Going forward, Mexico’s peso and bond market as well as Brazilian equities are among the most-favored emerging-market assets, while Turkey’s lira and stocks ranked low given the country’s persistent political uncertainty.
The lira, on track to become one of the worst emerging-market currency performers this year, will remain in the doldrums in 2018. The currency plunged to a record low as President Recep Tayyip Erdogan criticized the central bank in November, saying it was on the “wrong path” in tackling soaring inflation.
But in general, the stars will continue to align from a macroeconomic perspective, with global growth expected to be steady and inflation subdued, said Colin Harte, a London-based fund manager and strategist for multi-asset solutions at BNP Paribas (PA:) Asset Management, which oversaw the equivalent of $673 billion at the end of September.
“This Goldilocks environment will be one where central banks will continue to pursue accommodative monetary policy and follow their existing reaction functions,” he said.
Survey respondents were also asked about the inflation and general economic outlooks for 11 developing nations.

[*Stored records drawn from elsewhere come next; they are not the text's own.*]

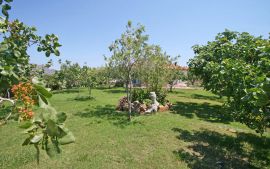 Eleana Apartments, Stavros, garden-1a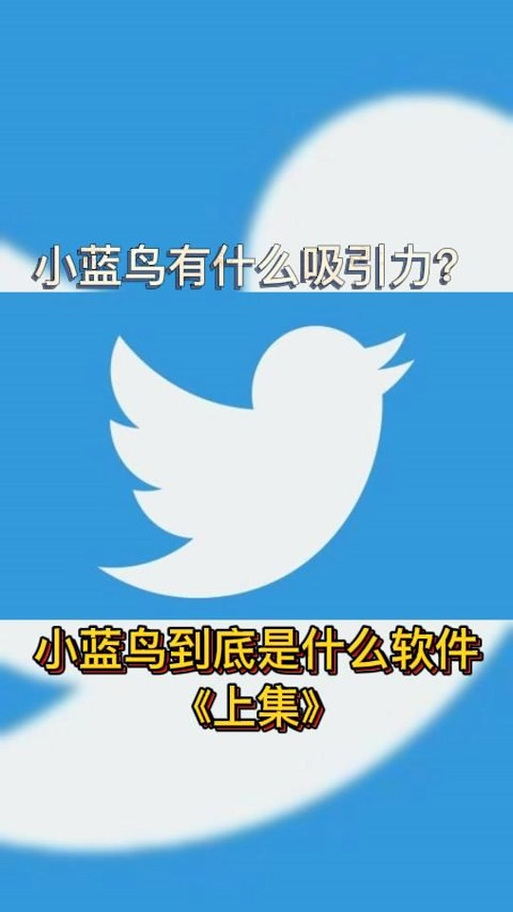 推特打不开闪退是怎么回事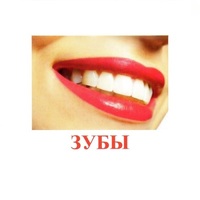 Карточки Домана "Части тела" - «globural.ru» - Чапаевск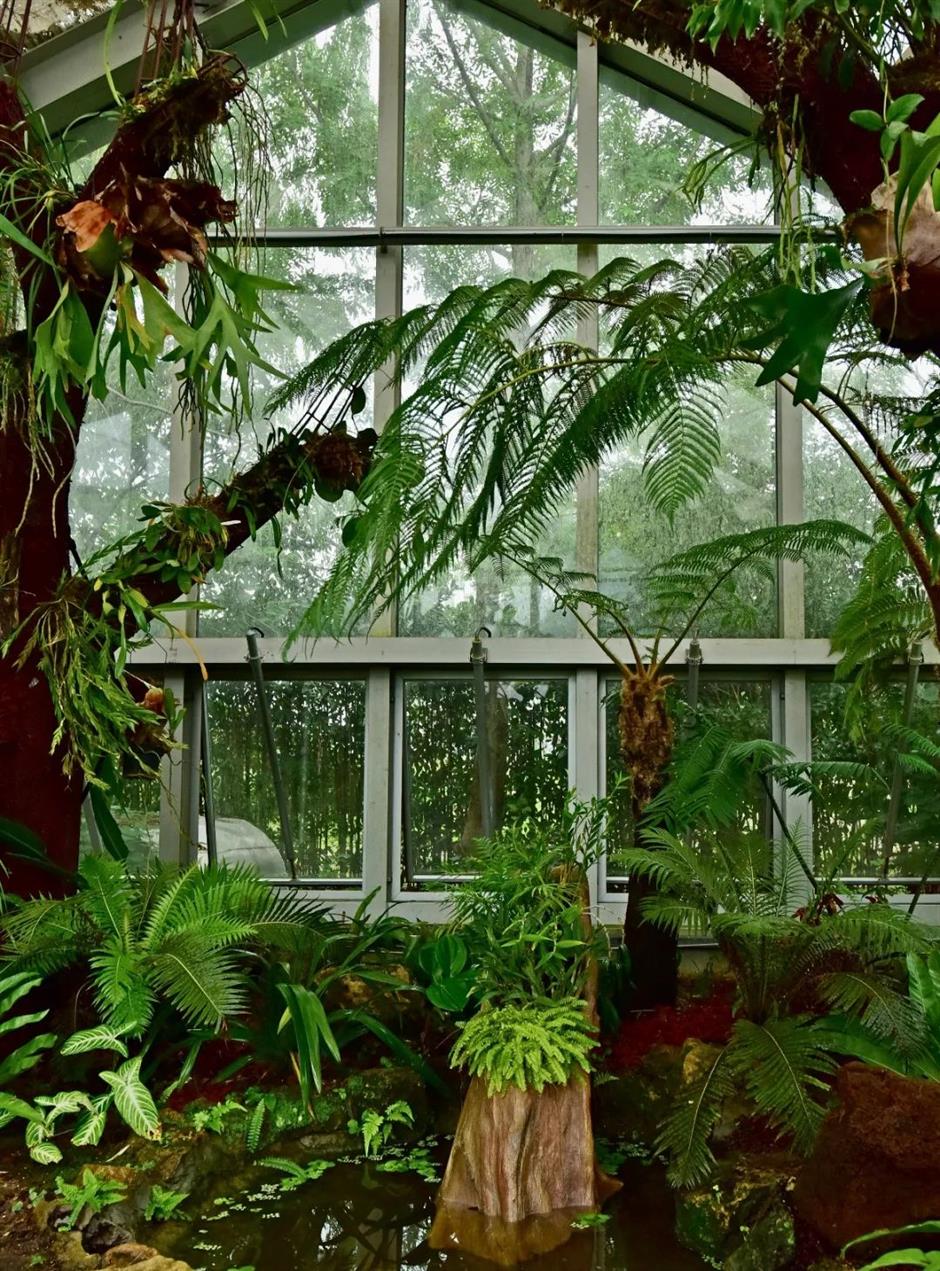 真暖!上海市区竟然藏着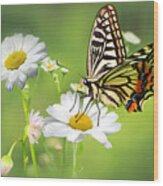 Butterfly On Daisy Wood Print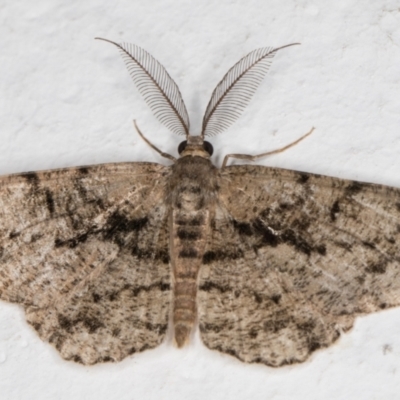 Unplaced externaria (Mahogany Bark Moth (formerly Hypomecis externaria)) at Melba, ACT - 4 Mar 2022 by kasiaaus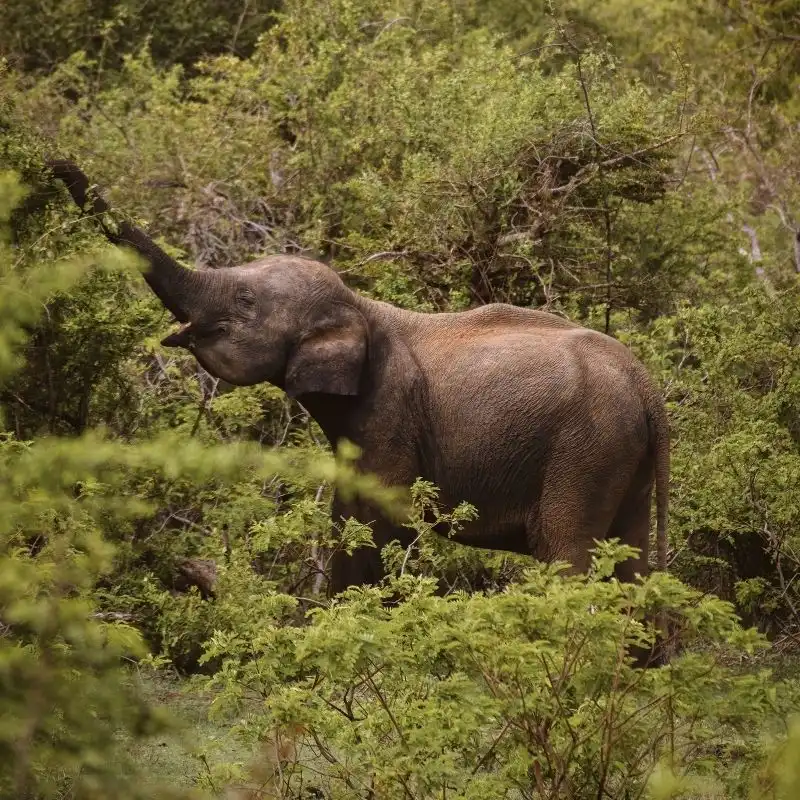 Ethical Elephant Viewing at the Elephant Transit Home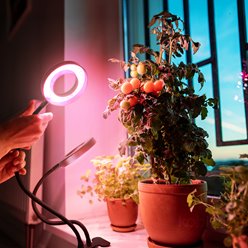 Lampa LED podwójna z klipsem do uprawy roślin 8W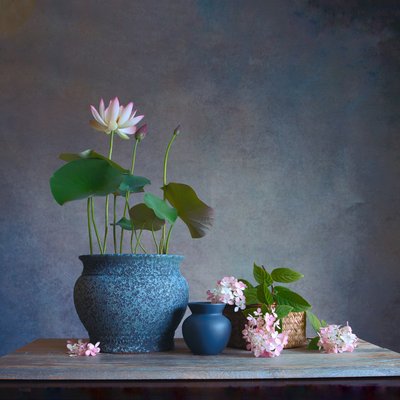 Serenes Lotus-Stillleben von Fangping Zhou
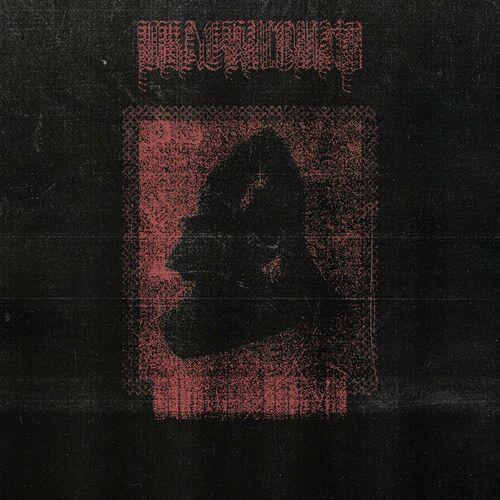 Black Wound - Warping Structure (2023)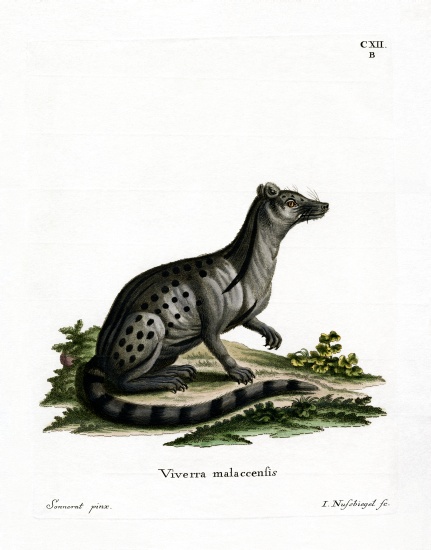Small Indian Civet von German School, (19th century)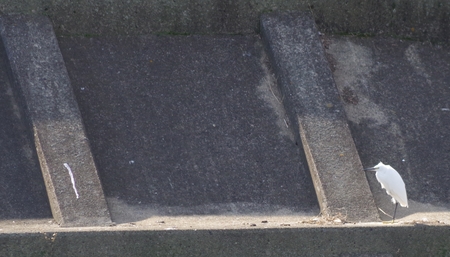 River shore of Heronの写真素材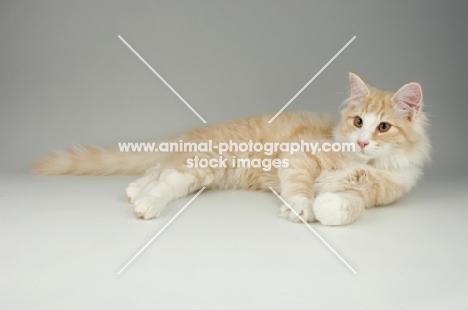 cream silver and white norwegian forest cat lying down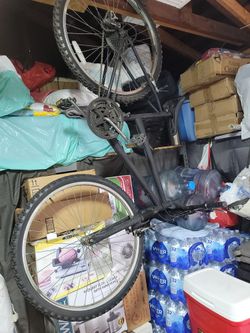 Kids Mountain Bike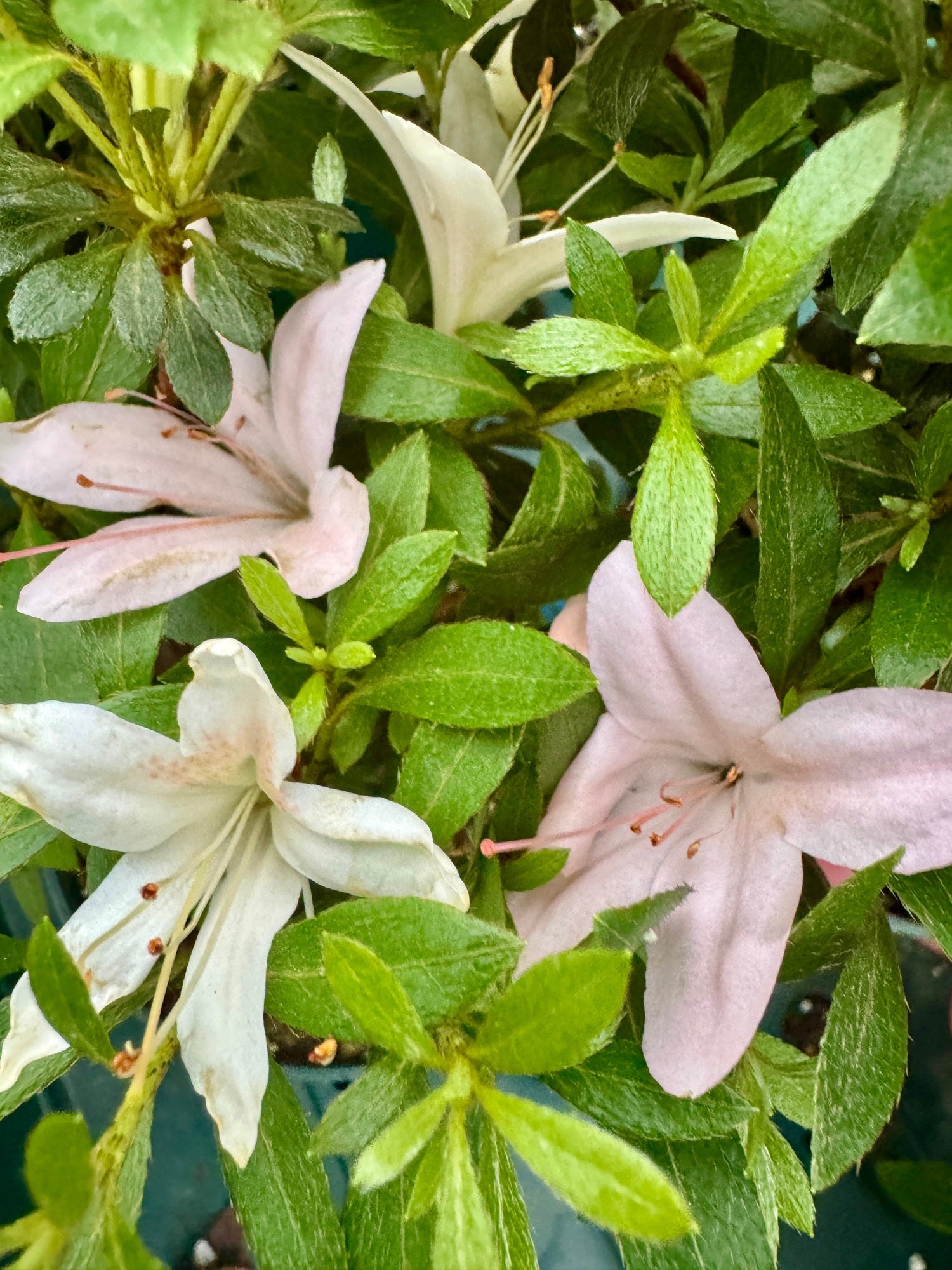 Satsuki Azalea (various cultivars) | Appalachian Plantworks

NOTE: Respondents in the survey were from Bank of Ayudhya Pcl, BlackRock Inc (NYSE:)., BNP Paribas Asset Management, Credit Agricole (PA:), Dai-ichi Life Research Institute Inc., Daiwa SB Investments Ltd., Deutsche Bank (DE:) Wealth Management, DuPont (NYSE:) Capital Management, FPG Securities Co., Invesco Ltd., Kasikornbank Pcl, Krung Thai Bank Pcl, Mitsubishi UFJ Kokusai Asset Management Co., Mizuho Bank Ltd., NBC Financial Markets Asia Ltd., Neuberger Berman, Nomura Asset Management Co., Old Mutual Plc (LON:), SBI Securities Co., Sumitomo Mitsui Trust Asset Management Co.
To contact Bloomberg News staff for this story: Yumi Teso in Bangkok at [email protected], Hannah Dormido in Hong Kong at [email protected], Lilian Karunungan in Singapore at [email protected], Aline Oyamada in Sao Paulo at [email protected], Selcuk Gokoluk in London at [email protected].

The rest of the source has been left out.